Unlike its neighbors, Munjoy South is a thriving and economically and racially diverse neighborhood. Its 29 buildings include units with between one and four bedrooms, available to tenants whose income is either 50%, 60% or 80% of the Portland area median income. Many of the residents are recent immigrants, who tend small gardens to grow unique vegetables. Many are employed and rely on their neighbors to help with child care. It is common for school-aged children to speak two or more languages. The children’s playground is a gathering place for the community and for celebrations.
The threat to this community is real. One has only to look at the threatened loss of 25 units of income-capped housing in Topsham to see how quickly affordability covenants can be threatened by a developer. The owner of Whispering Pines allowed the property to slip into foreclosure and, with the approval of the federal government lender, proposed to sell it to a developer under an agreement that would allow the new owner to eliminate the income caps and exclude tenants without a Section 8 voucher.

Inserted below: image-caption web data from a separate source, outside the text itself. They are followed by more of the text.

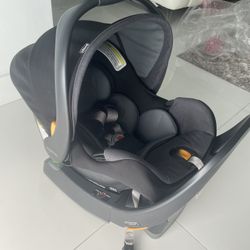 Chicco KeyFit® 35 Infant Car Seat and Base, Rear-Facing Seat for Infants 4-35 lbs., Includes Infant Head and Body Support, Compatible with Chicco Stro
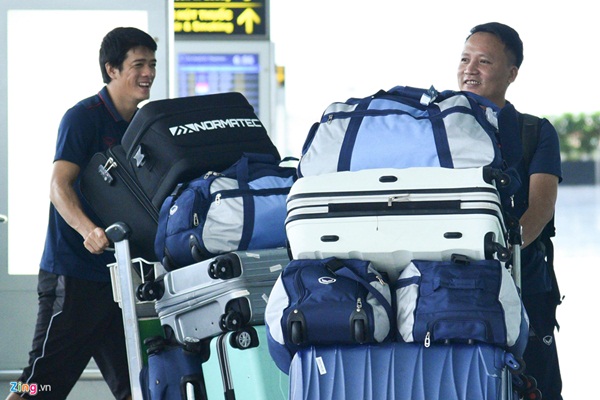 Quế Ngọc Hải trêu trợ lý của HLV Park trước giờ lên đường đến Thái Lan-1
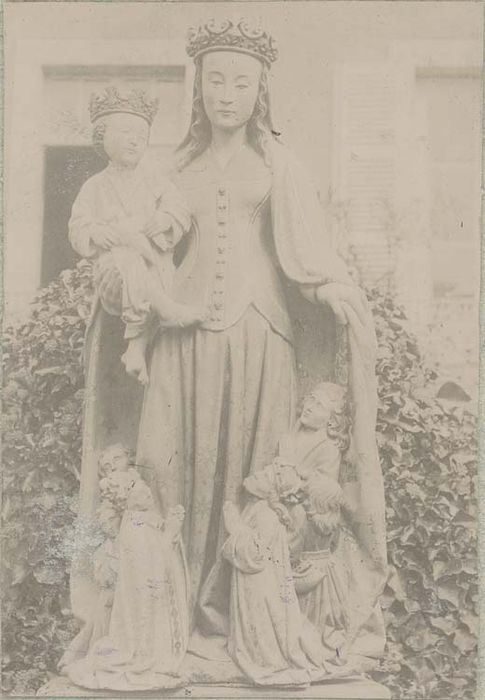groupe sculpté : Vierge de Miséricorde - © Ministère de la Culture (France), Médiathèque du patrimoine et de la photographie, diffusion RMN-GP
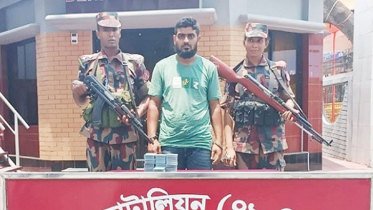 বেনাপোল চেকপোস্টে ৪৭০টি নকল ড্রাইভিং লাইসেন্সসহ যাত্রী আটক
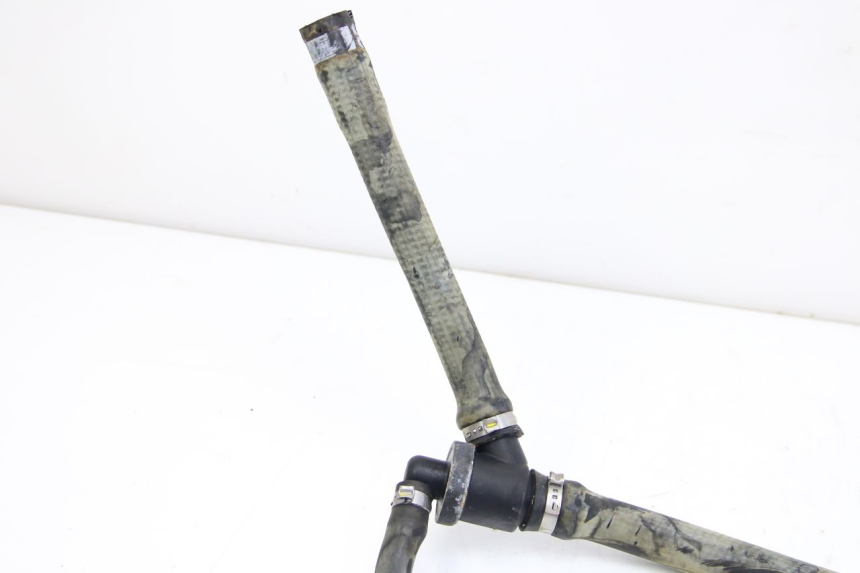 photo de PRZEWÓD CHŁODNICY PIAGGIO VESPA GTS SUPER IE 125 (2009 - 2016) - Stan powierzchni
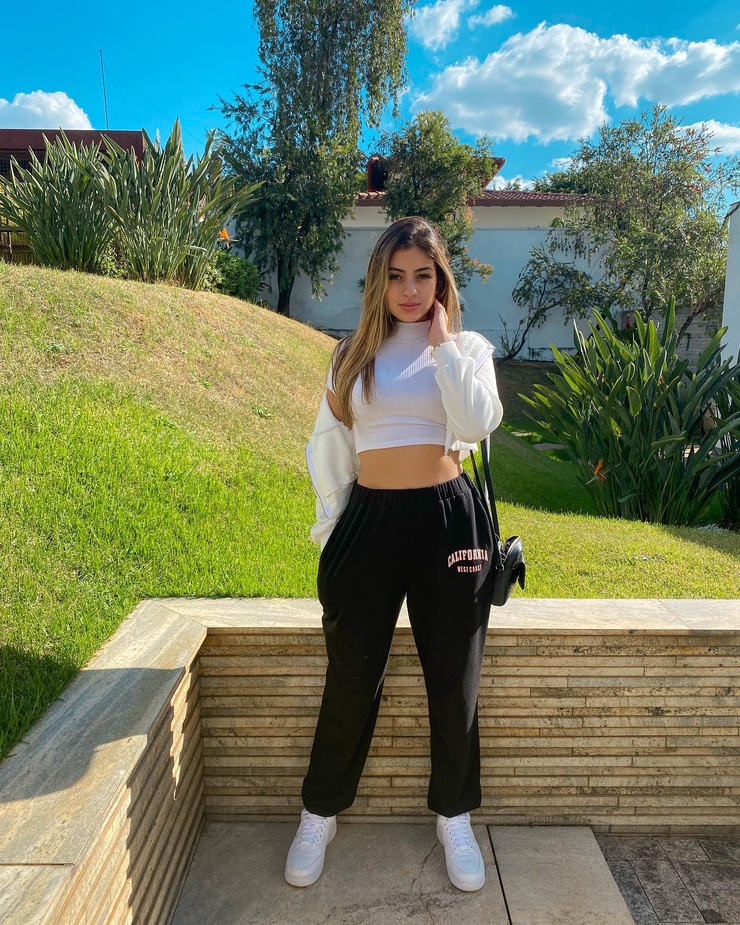 Júlia Puzzuoli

A competing offer by the local housing authority to purchase the project and maintain the income limits was not accepted by the owner.

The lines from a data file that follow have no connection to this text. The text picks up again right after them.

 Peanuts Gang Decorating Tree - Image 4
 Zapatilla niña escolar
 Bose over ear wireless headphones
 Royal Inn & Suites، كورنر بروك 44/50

Closer to home, Munjoy South is vulnerable to similar sorts of decisions that could be made beyond the control of local decision-makers. The Munjoy South development was built in 1967 using federal urban renewal funds, conditioned on a promise that the 140 units would be available to low-income tenants only, and would be so restricted for the “useful life” of the units, a term of art interpreted as 45 years.
When the complex was sold in 1997, the new owner received some financing that had a 30-year limit on the covenants. Maine Housing (also known as the Maine State Housing Authority) appears to believe that loan also extended the life of the affordability covenant for 45 years, to 2042. The property was sold a second time, in late 2018, and there is reportedly some disagreement between the current owner and Maine Housing as to whether the affordability covenants expire in 2027 (30 years) or in 2042 (45 years). It is also unclear whether Maine Housing would agree to let the owner reorganize the site and build new, upscale units as long as it rebuilds 140 income-limited units somewhere on the site.

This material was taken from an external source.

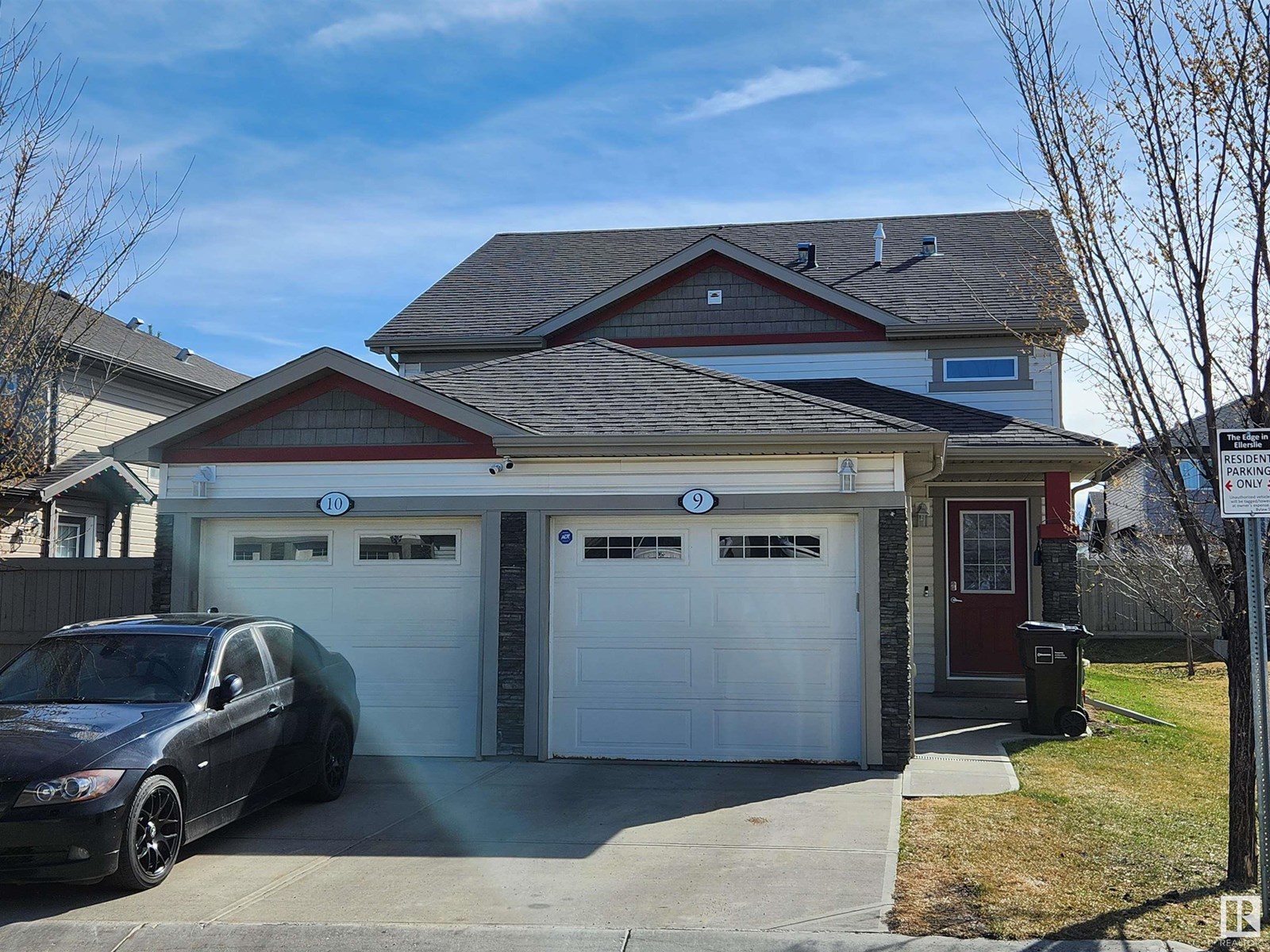 Property at 6520 2 AV SW image 2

While the enforcement of affordability covenants is the job of Maine Housing, the city of Portland should be doing everything possible to support the 45-year interpretation. It should also make it clear that it will not support any proposal that would reconfigure the existing housing into a smaller footprint to make room for the construction of new luxury, high-rise housing. That would result in the displacement of existing residents and the very significant disruption of the unique community that now exists in that location. The City Council should anticipate all possible threats to this complex, and act proactively to protect it. It should take an anticipatory position that it will not entertain amending the zoning to accommodate higher-density luxury housing, whether instead of, or in addition to, the current 140 affordable units.
Munjoy South and its affordable units are too important to the city’s and neighborhood’s racial, economic and cultural diversity for the site to be treated as just one more monocultural development opportunity. To lose them would be an inexcusable tragedy.